> WHAT YOU NEED TO DO
Everything in the data that follows has to be repeated verbatim.

> DATA RECORDS

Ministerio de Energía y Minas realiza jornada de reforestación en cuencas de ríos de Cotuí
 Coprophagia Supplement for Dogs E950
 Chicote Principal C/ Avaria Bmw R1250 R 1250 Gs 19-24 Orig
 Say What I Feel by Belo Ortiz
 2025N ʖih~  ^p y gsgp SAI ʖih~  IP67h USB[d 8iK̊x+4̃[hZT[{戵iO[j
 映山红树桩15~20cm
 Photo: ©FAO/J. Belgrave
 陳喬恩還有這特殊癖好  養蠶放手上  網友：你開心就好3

> EXERCISE RESULT
Ministerio de Energía y Minas realiza jornada de reforestación en cuencas de ríos de Cotuí
 Coprophagia Supplement for Dogs E950
 Chicote Principal C/ Avaria Bmw R1250 R 1250 Gs 19-24 Orig
 Say What I Feel by Belo Ortiz
 2025N ʖih~  ^p y gsgp SAI ʖih~  IP67h USB[d 8iK̊x+4̃[hZT[{戵iO[j
 映山红树桩15~20cm
 Photo: ©FAO/J. Belgrave
 陳喬恩還有這特殊癖好  養蠶放手上  網友：你開心就好3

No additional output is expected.